Por esta razão, o beato João Paulo II quis que justo Assis testemunhasse o fato de que o dom da paz está profundamente ligado com a questão religiosa que brota do coração de todos os homens e que os homens, na sua busca religiosa, devem comprometer-se ativamente para a paz, oferecendo uma contribuição preciosa para a causa da paz.

No encontro de Assis, realizado no dia 27 de outubro de 2011, o Papa Bento XVI contou entre os principais inimigos da paz também “o terrorismo motivado religiosamente" e insistiu fortemente que a violência “não é a verdadeira natureza da religião". Então, acrescentou: "Aqui jaz uma tarefa fundamental para o diálogo inter-religioso".

Mons. Müller disse que a Igreja Católica e o Cristianismo "não recusam o diálogo com as outras religiões, porque da fé cristã vem um respeito para a natural sensibilidade religiosa dos homens".

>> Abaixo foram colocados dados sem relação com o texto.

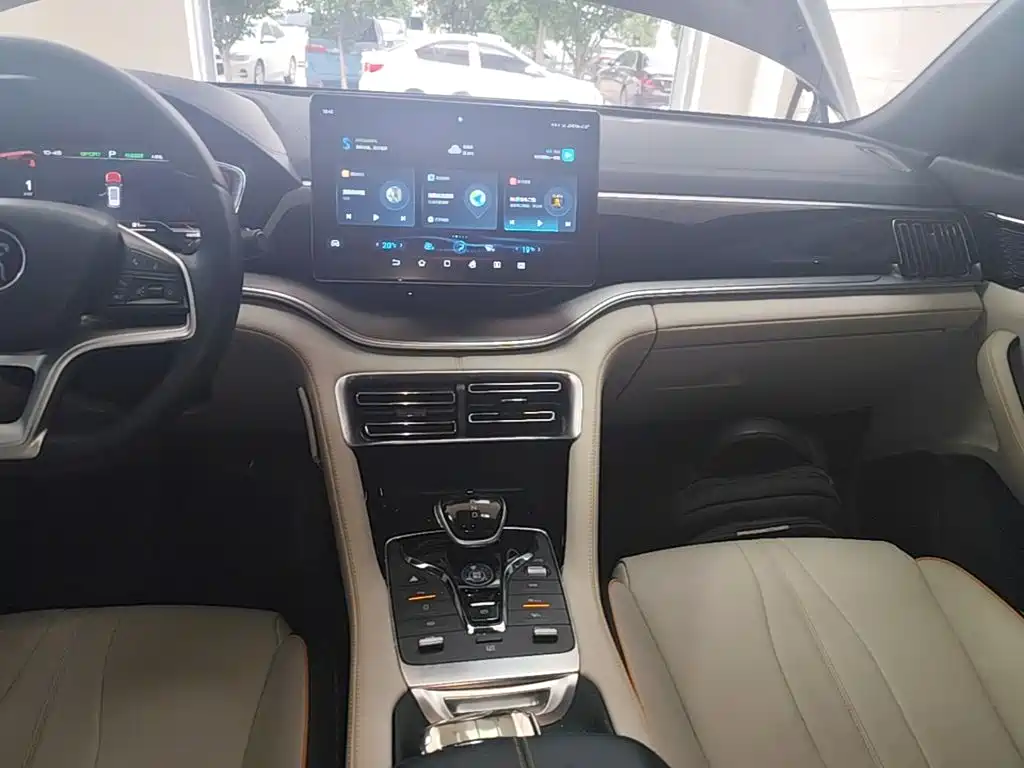 BYD Song PLUS New Energy 2022 — фото 13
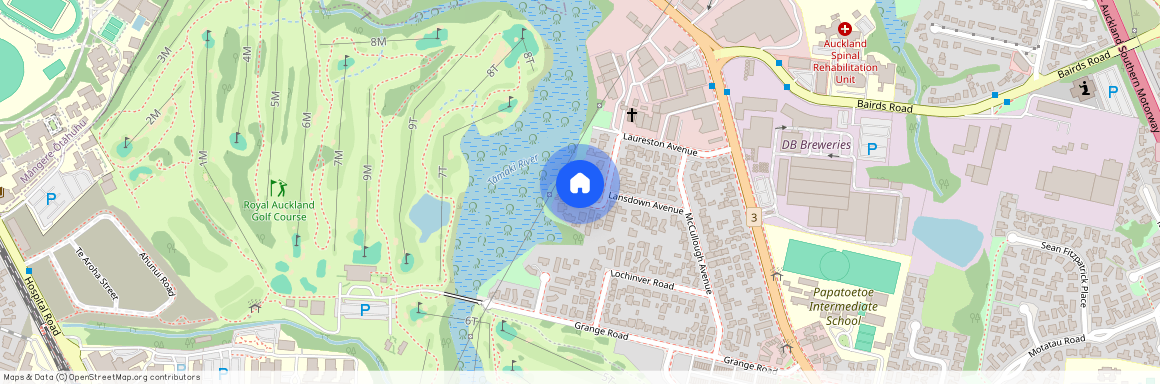 35 Laureston Avenue, Papatoetoe, Manukau City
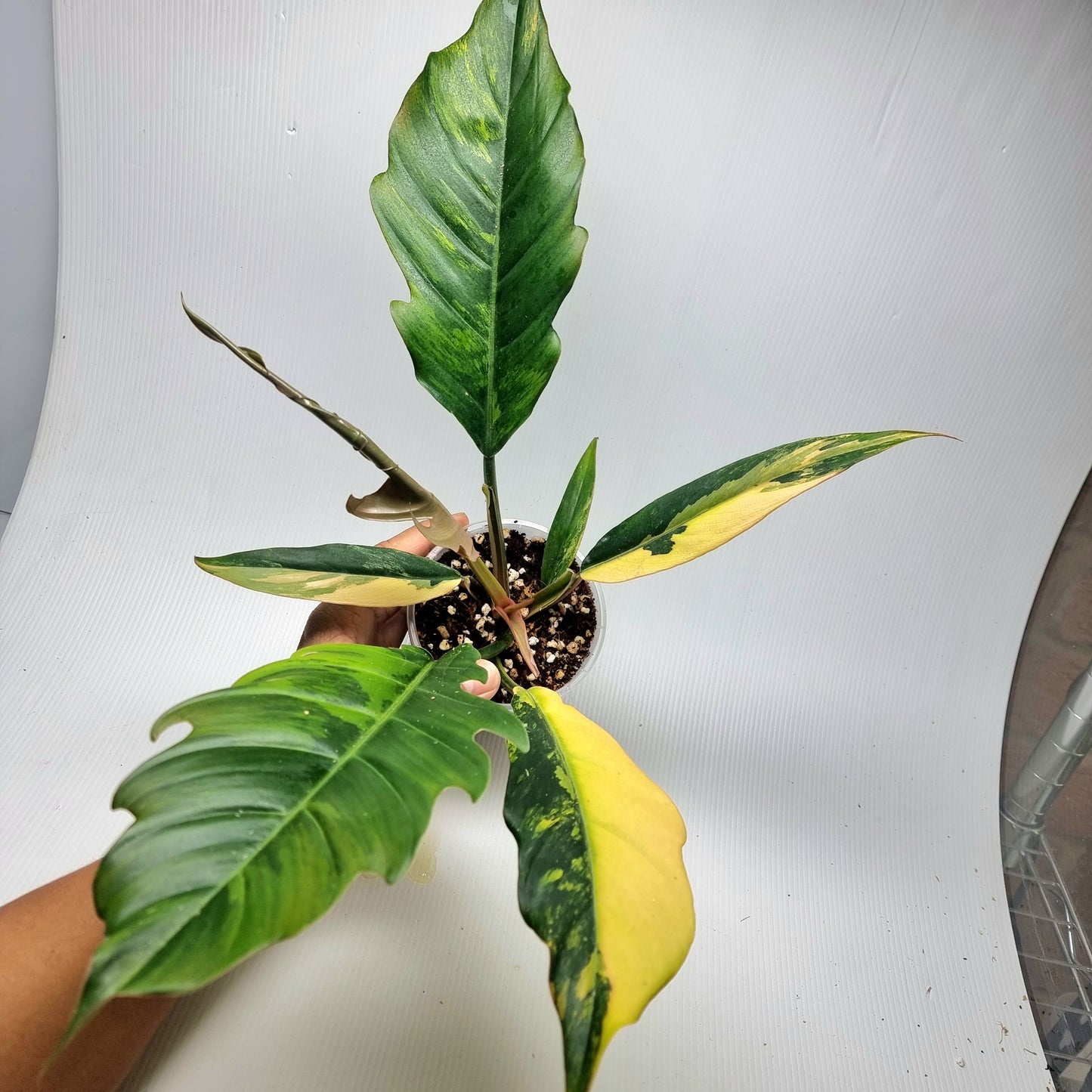 Philodendron Caramel Marble, 100mm pot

"A Igreja - continuou ele - não perde a confiança na razão e não aceita o pessimismo da verdade, que marca os ambientes niilistas ou relativistas.

Em nome da confiança nas capacidades naturais da razão, e confiando nela, a Igreja pode comprometer-se no diálogo inter-religioso".

O Prefeito da Congregação Vaticana reafirmou que "o objetivo do diálogo não é o diálogo em si mesmo. O objetivo do diálogo é o conhecimento da verdade" e "o diálogo é um método que ajuda no caminho para a verdade".

"O diálogo inter-religioso - disse Mons. Muller - serve, assim, para provocar o homem, para que se encaminhe com coragem na busca da verdade e se abra com confiança às suas exigências. Além do mais, no diálogo inter-religioso surge um contexto onde também é possível testemunhar a fé em Jesus Cristo".

A este respeito, "a fé é diferente de uma posição ideológica, que procura impor-se aos outros pela força, e exige uma atitude de abertura aos outros, como abertura a Deus, na fé e na caridade. A fé é um dom de Deus, que exige uma livre e pessoal adesão”.

"Por esta razão, - na opinião do bispo - na transmissão da fé, na evangelização e no diálogo inter-religioso a Igreja exclui toda forma de proselitismo que se baseie nas manipulações e falsidades, porque faltaria com o respeito pelo outro e pelo seu caminho pessoal”.

Para mons. Müller o diálogo é uma forma de testemunho da fé, que deve ser sempre respeitoso com o outro e com a dignidade da sua consciência, mas “a dimensão missionária da Igreja não pode ser suspensa no diálogo inter-religioso", por isso, “é um diálogo que deve ser praticado sempre na verdade, que inclui e aceita a missão, recebida por Jesus Cristo, de pregar o Evangelho até o fim dos tempos e os confins da terra".

No que diz respeito à paz, o Prefeito Vaticano lembrou que é "um bem estimado por todos" e "requer um cuidado constante e intensivo". A tradição da fé nos ensina que a paz é fruto da justiça e ainda mais da caridade.

"A paz autêntica, que supera a injustiça, que ama a verdade e se abre para a universal solidariedade, - destacou mons. Müller - é um dom que vem do alto e exige uma abertura a Deus" e para nós cristãos a paz "leva o nome de Jesus Cristo" de um Deus que morreu na cruz por nós.

"A Cruz de Cristo - concluiu - é para nós o sinal do Deus que, no lugar da violência, coloca o sofrer com o outro e o amar com o outro. O seu nome é "Deus de amor e da paz."